** HOW TO COMPLETE THIS TASK **
Below are several records. Retype exactly those lines running from the one with "4/29/2015 tarihinde John" through the one with "New 2024 FLAGSHIP", end lines included, and no others.
● ● ● ● ●
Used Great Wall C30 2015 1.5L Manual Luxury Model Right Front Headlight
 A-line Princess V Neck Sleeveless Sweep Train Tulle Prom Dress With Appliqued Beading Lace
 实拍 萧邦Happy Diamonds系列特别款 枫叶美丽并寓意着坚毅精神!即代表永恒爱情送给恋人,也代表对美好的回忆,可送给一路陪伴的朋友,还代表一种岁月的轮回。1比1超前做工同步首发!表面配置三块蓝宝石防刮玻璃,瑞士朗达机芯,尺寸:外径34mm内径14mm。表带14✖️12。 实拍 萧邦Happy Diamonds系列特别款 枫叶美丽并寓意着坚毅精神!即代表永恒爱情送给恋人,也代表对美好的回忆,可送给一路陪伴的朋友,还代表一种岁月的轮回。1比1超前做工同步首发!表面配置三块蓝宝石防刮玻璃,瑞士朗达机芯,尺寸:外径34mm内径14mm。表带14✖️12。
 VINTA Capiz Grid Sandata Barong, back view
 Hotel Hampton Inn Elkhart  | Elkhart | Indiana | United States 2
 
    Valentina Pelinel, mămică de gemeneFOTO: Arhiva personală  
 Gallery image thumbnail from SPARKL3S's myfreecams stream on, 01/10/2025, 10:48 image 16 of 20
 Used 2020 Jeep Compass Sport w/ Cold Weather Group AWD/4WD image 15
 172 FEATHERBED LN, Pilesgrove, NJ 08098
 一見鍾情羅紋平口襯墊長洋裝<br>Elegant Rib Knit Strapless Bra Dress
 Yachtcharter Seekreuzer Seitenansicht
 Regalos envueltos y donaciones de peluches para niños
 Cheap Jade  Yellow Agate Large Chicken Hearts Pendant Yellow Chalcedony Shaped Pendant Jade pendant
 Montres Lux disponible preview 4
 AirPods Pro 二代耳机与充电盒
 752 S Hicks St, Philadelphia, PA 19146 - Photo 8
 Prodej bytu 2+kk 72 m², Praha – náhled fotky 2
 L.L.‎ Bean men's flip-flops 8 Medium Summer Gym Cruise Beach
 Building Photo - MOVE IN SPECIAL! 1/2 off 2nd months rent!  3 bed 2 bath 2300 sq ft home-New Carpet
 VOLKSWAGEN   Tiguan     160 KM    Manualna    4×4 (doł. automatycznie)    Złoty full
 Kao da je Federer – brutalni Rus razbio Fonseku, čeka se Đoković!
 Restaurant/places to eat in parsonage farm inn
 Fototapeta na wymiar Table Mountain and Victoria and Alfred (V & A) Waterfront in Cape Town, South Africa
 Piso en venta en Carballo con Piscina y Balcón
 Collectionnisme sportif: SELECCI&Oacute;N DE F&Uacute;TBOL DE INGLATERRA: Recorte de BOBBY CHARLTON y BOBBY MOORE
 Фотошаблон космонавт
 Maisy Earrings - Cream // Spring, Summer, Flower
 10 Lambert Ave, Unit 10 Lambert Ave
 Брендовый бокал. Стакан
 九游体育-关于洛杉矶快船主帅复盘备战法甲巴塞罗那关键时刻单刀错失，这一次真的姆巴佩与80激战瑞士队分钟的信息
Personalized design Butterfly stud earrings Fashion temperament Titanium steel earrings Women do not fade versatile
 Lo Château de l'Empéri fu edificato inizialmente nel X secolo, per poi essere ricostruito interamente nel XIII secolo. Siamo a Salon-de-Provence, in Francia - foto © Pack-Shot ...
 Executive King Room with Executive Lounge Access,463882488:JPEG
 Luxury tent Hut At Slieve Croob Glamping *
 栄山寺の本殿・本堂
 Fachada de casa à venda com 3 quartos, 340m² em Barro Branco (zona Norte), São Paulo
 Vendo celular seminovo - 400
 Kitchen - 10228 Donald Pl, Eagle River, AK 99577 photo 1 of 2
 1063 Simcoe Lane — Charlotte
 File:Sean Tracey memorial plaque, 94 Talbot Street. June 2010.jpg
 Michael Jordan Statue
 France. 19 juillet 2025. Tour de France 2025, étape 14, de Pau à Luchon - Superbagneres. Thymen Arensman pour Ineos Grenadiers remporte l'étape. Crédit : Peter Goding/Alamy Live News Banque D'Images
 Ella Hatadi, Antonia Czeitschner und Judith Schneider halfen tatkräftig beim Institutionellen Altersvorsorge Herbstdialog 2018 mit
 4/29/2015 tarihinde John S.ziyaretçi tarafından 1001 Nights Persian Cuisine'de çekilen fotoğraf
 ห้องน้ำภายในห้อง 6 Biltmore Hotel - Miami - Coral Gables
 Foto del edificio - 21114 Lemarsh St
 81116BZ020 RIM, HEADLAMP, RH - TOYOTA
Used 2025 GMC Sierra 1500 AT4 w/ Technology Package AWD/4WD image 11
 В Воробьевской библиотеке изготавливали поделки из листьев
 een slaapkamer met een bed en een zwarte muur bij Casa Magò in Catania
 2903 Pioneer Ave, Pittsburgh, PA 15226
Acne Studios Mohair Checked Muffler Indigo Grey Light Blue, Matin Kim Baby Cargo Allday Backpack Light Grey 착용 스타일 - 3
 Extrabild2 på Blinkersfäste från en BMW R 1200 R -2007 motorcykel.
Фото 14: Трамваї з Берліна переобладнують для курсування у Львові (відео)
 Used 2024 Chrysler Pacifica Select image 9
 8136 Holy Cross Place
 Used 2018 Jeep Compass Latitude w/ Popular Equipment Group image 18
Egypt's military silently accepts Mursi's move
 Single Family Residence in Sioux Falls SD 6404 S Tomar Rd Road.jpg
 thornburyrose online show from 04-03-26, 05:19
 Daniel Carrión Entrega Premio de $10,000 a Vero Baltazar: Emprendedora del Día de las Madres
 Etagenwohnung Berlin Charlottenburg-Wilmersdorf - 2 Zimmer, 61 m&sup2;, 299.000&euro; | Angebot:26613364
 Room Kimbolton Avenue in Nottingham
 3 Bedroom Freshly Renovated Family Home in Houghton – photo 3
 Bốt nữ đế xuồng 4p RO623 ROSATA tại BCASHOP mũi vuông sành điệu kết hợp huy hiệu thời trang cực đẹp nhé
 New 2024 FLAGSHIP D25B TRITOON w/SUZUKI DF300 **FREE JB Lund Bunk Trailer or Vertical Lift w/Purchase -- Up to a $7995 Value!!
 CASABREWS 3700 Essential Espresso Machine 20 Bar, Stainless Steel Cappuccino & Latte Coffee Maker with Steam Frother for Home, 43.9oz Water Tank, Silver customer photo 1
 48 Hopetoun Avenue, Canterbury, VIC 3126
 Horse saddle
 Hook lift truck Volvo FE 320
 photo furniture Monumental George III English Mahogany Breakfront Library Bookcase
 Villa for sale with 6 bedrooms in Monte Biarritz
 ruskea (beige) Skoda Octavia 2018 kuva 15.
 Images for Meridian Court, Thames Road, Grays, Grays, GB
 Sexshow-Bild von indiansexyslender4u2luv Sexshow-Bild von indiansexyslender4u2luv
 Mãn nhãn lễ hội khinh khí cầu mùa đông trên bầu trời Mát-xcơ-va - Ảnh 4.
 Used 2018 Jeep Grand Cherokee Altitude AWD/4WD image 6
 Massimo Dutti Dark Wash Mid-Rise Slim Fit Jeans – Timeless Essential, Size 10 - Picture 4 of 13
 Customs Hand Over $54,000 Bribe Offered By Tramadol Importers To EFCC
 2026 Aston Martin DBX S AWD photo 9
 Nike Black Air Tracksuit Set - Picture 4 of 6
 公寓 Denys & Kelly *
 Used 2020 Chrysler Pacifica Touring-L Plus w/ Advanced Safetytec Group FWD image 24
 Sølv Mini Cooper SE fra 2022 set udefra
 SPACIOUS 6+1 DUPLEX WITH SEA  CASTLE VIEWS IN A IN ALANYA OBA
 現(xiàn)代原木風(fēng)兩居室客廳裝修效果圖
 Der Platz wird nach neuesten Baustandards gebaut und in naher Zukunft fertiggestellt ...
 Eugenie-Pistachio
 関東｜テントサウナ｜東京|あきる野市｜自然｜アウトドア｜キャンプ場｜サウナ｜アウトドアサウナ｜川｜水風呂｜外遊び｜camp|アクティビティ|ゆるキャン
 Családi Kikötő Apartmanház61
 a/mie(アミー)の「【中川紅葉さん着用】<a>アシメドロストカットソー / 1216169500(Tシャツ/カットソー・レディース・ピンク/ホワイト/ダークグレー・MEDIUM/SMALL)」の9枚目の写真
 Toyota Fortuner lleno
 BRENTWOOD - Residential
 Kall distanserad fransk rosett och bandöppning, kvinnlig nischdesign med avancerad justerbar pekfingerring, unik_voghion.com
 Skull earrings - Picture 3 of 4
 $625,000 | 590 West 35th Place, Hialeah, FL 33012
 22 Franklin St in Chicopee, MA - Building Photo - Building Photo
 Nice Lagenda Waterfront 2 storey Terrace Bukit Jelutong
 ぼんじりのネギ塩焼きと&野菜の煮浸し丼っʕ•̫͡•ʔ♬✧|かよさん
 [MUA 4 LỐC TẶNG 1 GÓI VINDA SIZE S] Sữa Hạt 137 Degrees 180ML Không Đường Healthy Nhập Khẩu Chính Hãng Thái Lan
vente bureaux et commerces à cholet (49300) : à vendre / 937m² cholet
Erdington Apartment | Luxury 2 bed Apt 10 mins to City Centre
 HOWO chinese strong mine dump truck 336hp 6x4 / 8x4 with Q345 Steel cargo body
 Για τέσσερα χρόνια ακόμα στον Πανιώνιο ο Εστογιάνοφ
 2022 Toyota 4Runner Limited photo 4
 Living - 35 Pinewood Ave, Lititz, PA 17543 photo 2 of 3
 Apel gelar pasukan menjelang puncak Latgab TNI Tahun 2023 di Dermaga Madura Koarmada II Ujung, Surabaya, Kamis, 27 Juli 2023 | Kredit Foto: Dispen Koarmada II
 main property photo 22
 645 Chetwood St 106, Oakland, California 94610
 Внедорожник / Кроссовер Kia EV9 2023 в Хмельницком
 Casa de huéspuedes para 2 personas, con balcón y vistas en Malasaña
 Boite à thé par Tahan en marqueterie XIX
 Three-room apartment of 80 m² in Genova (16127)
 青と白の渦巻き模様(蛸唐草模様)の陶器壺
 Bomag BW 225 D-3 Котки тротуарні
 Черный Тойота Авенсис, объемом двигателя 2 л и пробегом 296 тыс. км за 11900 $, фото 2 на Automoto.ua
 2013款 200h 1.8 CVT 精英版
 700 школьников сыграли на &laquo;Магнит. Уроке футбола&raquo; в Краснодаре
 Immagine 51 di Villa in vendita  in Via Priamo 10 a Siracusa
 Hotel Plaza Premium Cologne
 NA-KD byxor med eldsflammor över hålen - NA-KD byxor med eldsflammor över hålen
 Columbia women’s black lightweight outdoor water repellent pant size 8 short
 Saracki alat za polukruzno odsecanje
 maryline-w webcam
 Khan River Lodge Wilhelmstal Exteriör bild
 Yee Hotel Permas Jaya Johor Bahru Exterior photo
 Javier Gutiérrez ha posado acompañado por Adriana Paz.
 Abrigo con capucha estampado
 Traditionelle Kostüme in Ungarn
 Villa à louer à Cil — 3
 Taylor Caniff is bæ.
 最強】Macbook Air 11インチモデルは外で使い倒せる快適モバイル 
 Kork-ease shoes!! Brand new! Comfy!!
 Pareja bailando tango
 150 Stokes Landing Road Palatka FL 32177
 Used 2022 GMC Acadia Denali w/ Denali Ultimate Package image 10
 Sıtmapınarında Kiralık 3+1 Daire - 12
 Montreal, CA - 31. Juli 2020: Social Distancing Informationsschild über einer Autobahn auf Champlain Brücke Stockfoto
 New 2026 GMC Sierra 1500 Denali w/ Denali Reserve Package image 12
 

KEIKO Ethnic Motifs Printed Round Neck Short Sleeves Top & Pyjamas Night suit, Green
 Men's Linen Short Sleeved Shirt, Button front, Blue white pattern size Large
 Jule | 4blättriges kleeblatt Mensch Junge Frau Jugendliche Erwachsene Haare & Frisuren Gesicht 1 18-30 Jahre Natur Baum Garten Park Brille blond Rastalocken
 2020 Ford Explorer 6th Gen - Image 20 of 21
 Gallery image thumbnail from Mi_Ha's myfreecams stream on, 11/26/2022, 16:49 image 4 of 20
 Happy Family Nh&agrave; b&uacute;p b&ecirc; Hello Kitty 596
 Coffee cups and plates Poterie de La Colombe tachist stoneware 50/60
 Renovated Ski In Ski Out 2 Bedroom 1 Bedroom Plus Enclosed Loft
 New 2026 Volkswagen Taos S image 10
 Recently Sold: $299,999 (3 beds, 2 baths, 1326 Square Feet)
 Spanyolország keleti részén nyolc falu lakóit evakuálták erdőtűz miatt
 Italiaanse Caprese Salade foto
● ● ● ● ●
** FINISHED EXERCISE **
 4/29/2015 tarihinde John S.ziyaretçi tarafından 1001 Nights Persian Cuisine'de çekilen fotoğraf
 ห้องน้ำภายในห้อง 6 Biltmore Hotel - Miami - Coral Gables
 Foto del edificio - 21114 Lemarsh St
 81116BZ020 RIM, HEADLAMP, RH - TOYOTA
Used 2025 GMC Sierra 1500 AT4 w/ Technology Package AWD/4WD image 11
 В Воробьевской библиотеке изготавливали поделки из листьев
 een slaapkamer met een bed en een zwarte muur bij Casa Magò in Catania
 2903 Pioneer Ave, Pittsburgh, PA 15226
Acne Studios Mohair Checked Muffler Indigo Grey Light Blue, Matin Kim Baby Cargo Allday Backpack Light Grey 착용 스타일 - 3
 Extrabild2 på Blinkersfäste från en BMW R 1200 R -2007 motorcykel.
Фото 14: Трамваї з Берліна переобладнують для курсування у Львові (відео)
 Used 2024 Chrysler Pacifica Select image 9
 8136 Holy Cross Place
 Used 2018 Jeep Compass Latitude w/ Popular Equipment Group image 18
Egypt's military silently accepts Mursi's move
 Single Family Residence in Sioux Falls SD 6404 S Tomar Rd Road.jpg
 thornburyrose online show from 04-03-26, 05:19
 Daniel Carrión Entrega Premio de $10,000 a Vero Baltazar: Emprendedora del Día de las Madres
 Etagenwohnung Berlin Charlottenburg-Wilmersdorf - 2 Zimmer, 61 m&sup2;, 299.000&euro; | Angebot:26613364
 Room Kimbolton Avenue in Nottingham
 3 Bedroom Freshly Renovated Family Home in Houghton – photo 3
 Bốt nữ đế xuồng 4p RO623 ROSATA tại BCASHOP mũi vuông sành điệu kết hợp huy hiệu thời trang cực đẹp nhé
 New 2024 FLAGSHIP D25B TRITOON w/SUZUKI DF300 **FREE JB Lund Bunk Trailer or Vertical Lift w/Purchase -- Up to a $7995 Value!!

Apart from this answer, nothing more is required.